BEGIN

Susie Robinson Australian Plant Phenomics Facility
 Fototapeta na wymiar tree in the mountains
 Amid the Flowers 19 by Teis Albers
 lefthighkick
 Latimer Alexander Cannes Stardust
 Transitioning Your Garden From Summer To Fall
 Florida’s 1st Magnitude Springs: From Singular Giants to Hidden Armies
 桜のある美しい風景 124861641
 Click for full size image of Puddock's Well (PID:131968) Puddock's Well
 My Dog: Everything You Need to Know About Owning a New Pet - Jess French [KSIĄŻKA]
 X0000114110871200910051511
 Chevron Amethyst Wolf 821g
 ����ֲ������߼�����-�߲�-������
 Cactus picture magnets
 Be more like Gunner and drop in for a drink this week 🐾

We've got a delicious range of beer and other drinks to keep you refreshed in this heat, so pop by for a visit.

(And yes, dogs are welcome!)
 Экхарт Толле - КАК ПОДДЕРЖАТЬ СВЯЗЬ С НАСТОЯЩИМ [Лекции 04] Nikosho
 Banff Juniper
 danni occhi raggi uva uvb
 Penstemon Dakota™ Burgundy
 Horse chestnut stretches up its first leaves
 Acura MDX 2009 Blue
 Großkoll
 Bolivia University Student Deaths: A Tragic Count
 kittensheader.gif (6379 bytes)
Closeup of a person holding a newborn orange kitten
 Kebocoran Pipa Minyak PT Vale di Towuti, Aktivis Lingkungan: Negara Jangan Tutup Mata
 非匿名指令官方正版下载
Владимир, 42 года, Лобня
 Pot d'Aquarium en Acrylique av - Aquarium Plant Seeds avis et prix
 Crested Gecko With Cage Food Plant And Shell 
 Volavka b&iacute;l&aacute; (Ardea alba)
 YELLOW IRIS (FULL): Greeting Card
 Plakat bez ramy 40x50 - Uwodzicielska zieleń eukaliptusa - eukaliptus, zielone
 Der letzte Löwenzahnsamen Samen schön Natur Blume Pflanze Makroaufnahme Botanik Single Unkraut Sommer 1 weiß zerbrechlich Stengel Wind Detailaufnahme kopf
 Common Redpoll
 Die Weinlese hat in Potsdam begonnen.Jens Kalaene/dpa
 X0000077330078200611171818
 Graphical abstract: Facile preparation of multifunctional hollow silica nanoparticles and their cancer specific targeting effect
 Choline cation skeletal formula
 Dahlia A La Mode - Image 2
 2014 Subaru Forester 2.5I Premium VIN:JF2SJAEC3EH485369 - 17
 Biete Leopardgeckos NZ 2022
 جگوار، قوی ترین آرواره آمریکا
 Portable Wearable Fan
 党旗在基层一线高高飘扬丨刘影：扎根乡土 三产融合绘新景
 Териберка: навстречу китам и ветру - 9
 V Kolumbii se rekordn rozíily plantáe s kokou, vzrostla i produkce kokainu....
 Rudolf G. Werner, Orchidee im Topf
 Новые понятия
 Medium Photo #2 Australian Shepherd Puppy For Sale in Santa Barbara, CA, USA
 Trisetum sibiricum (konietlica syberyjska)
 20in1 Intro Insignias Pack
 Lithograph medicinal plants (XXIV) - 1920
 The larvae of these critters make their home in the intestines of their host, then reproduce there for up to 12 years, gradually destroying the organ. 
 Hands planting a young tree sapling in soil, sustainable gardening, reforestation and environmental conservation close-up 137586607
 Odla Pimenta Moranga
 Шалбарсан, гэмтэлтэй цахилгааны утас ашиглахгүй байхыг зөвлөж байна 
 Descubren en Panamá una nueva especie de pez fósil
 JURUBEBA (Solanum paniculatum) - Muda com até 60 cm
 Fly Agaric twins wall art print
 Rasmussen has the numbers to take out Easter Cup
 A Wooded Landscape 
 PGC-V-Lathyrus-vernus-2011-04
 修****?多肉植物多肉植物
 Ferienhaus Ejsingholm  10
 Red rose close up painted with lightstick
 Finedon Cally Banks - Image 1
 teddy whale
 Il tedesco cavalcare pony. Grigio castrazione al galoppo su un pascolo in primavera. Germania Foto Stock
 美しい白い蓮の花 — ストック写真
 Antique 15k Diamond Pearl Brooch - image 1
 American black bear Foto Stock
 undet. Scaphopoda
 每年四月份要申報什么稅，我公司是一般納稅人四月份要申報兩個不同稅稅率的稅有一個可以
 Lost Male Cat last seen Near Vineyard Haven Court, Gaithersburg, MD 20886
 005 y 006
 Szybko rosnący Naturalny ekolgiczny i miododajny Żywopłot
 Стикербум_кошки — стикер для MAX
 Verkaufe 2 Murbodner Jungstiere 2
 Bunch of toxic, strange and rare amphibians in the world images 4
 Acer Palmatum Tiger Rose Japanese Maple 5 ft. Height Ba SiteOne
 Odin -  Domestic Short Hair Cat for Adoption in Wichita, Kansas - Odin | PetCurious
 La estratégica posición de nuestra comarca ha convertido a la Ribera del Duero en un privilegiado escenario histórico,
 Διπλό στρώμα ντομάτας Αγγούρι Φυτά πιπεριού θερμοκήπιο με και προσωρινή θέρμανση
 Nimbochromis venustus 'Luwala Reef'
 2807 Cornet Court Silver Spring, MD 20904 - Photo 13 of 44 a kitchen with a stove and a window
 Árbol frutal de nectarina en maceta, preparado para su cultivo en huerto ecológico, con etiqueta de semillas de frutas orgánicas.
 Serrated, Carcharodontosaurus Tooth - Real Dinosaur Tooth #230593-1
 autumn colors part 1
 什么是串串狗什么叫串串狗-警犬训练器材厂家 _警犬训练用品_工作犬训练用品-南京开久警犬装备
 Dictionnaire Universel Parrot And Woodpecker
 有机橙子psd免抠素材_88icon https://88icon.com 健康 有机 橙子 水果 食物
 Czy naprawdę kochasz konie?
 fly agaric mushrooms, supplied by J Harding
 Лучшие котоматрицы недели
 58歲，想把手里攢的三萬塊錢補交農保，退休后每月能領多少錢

END

## What the exercise asks:
Word for word, set down all the lines above.

## Output for this task:
Susie Robinson Australian Plant Phenomics Facility
 Fototapeta na wymiar tree in the mountains
 Amid the Flowers 19 by Teis Albers
 lefthighkick
 Latimer Alexander Cannes Stardust
 Transitioning Your Garden From Summer To Fall
 Florida’s 1st Magnitude Springs: From Singular Giants to Hidden Armies
 桜のある美しい風景 124861641
 Click for full size image of Puddock's Well (PID:131968) Puddock's Well
 My Dog: Everything You Need to Know About Owning a New Pet - Jess French [KSIĄŻKA]
 X0000114110871200910051511
 Chevron Amethyst Wolf 821g
 ����ֲ������߼�����-�߲�-������
 Cactus picture magnets
 Be more like Gunner and drop in for a drink this week 🐾

We've got a delicious range of beer and other drinks to keep you refreshed in this heat, so pop by for a visit.

(And yes, dogs are welcome!)
 Экхарт Толле - КАК ПОДДЕРЖАТЬ СВЯЗЬ С НАСТОЯЩИМ [Лекции 04] Nikosho
 Banff Juniper
 danni occhi raggi uva uvb
 Penstemon Dakota™ Burgundy
 Horse chestnut stretches up its first leaves
 Acura MDX 2009 Blue
 Großkoll
 Bolivia University Student Deaths: A Tragic Count
 kittensheader.gif (6379 bytes)
Closeup of a person holding a newborn orange kitten
 Kebocoran Pipa Minyak PT Vale di Towuti, Aktivis Lingkungan: Negara Jangan Tutup Mata
 非匿名指令官方正版下载
Владимир, 42 года, Лобня
 Pot d'Aquarium en Acrylique av - Aquarium Plant Seeds avis et prix
 Crested Gecko With Cage Food Plant And Shell 
 Volavka b&iacute;l&aacute; (Ardea alba)
 YELLOW IRIS (FULL): Greeting Card
 Plakat bez ramy 40x50 - Uwodzicielska zieleń eukaliptusa - eukaliptus, zielone
 Der letzte Löwenzahnsamen Samen schön Natur Blume Pflanze Makroaufnahme Botanik Single Unkraut Sommer 1 weiß zerbrechlich Stengel Wind Detailaufnahme kopf
 Common Redpoll
 Die Weinlese hat in Potsdam begonnen.Jens Kalaene/dpa
 X0000077330078200611171818
 Graphical abstract: Facile preparation of multifunctional hollow silica nanoparticles and their cancer specific targeting effect
 Choline cation skeletal formula
 Dahlia A La Mode - Image 2
 2014 Subaru Forester 2.5I Premium VIN:JF2SJAEC3EH485369 - 17
 Biete Leopardgeckos NZ 2022
 جگوار، قوی ترین آرواره آمریکا
 Portable Wearable Fan
 党旗在基层一线高高飘扬丨刘影：扎根乡土 三产融合绘新景
 Териберка: навстречу китам и ветру - 9
 V Kolumbii se rekordn rozíily plantáe s kokou, vzrostla i produkce kokainu....
 Rudolf G. Werner, Orchidee im Topf
 Новые понятия
 Medium Photo #2 Australian Shepherd Puppy For Sale in Santa Barbara, CA, USA
 Trisetum sibiricum (konietlica syberyjska)
 20in1 Intro Insignias Pack
 Lithograph medicinal plants (XXIV) - 1920
 The larvae of these critters make their home in the intestines of their host, then reproduce there for up to 12 years, gradually destroying the organ. 
 Hands planting a young tree sapling in soil, sustainable gardening, reforestation and environmental conservation close-up 137586607
 Odla Pimenta Moranga
 Шалбарсан, гэмтэлтэй цахилгааны утас ашиглахгүй байхыг зөвлөж байна 
 Descubren en Panamá una nueva especie de pez fósil
 JURUBEBA (Solanum paniculatum) - Muda com até 60 cm
 Fly Agaric twins wall art print
 Rasmussen has the numbers to take out Easter Cup
 A Wooded Landscape 
 PGC-V-Lathyrus-vernus-2011-04
 修****?多肉植物多肉植物
 Ferienhaus Ejsingholm  10
 Red rose close up painted with lightstick
 Finedon Cally Banks - Image 1
 teddy whale
 Il tedesco cavalcare pony. Grigio castrazione al galoppo su un pascolo in primavera. Germania Foto Stock
 美しい白い蓮の花 — ストック写真
 Antique 15k Diamond Pearl Brooch - image 1
 American black bear Foto Stock
 undet. Scaphopoda
 每年四月份要申報什么稅，我公司是一般納稅人四月份要申報兩個不同稅稅率的稅有一個可以
 Lost Male Cat last seen Near Vineyard Haven Court, Gaithersburg, MD 20886
 005 y 006
 Szybko rosnący Naturalny ekolgiczny i miododajny Żywopłot
 Стикербум_кошки — стикер для MAX
 Verkaufe 2 Murbodner Jungstiere 2
 Bunch of toxic, strange and rare amphibians in the world images 4
 Acer Palmatum Tiger Rose Japanese Maple 5 ft. Height Ba SiteOne
 Odin -  Domestic Short Hair Cat for Adoption in Wichita, Kansas - Odin | PetCurious
 La estratégica posición de nuestra comarca ha convertido a la Ribera del Duero en un privilegiado escenario histórico,
 Διπλό στρώμα ντομάτας Αγγούρι Φυτά πιπεριού θερμοκήπιο με και προσωρινή θέρμανση
 Nimbochromis venustus 'Luwala Reef'
 2807 Cornet Court Silver Spring, MD 20904 - Photo 13 of 44 a kitchen with a stove and a window
 Árbol frutal de nectarina en maceta, preparado para su cultivo en huerto ecológico, con etiqueta de semillas de frutas orgánicas.
 Serrated, Carcharodontosaurus Tooth - Real Dinosaur Tooth #230593-1
 autumn colors part 1
 什么是串串狗什么叫串串狗-警犬训练器材厂家 _警犬训练用品_工作犬训练用品-南京开久警犬装备
 Dictionnaire Universel Parrot And Woodpecker
 有机橙子psd免抠素材_88icon https://88icon.com 健康 有机 橙子 水果 食物
 Czy naprawdę kochasz konie?
 fly agaric mushrooms, supplied by J Harding
 Лучшие котоматрицы недели
 58歲，想把手里攢的三萬塊錢補交農保，退休后每月能領多少錢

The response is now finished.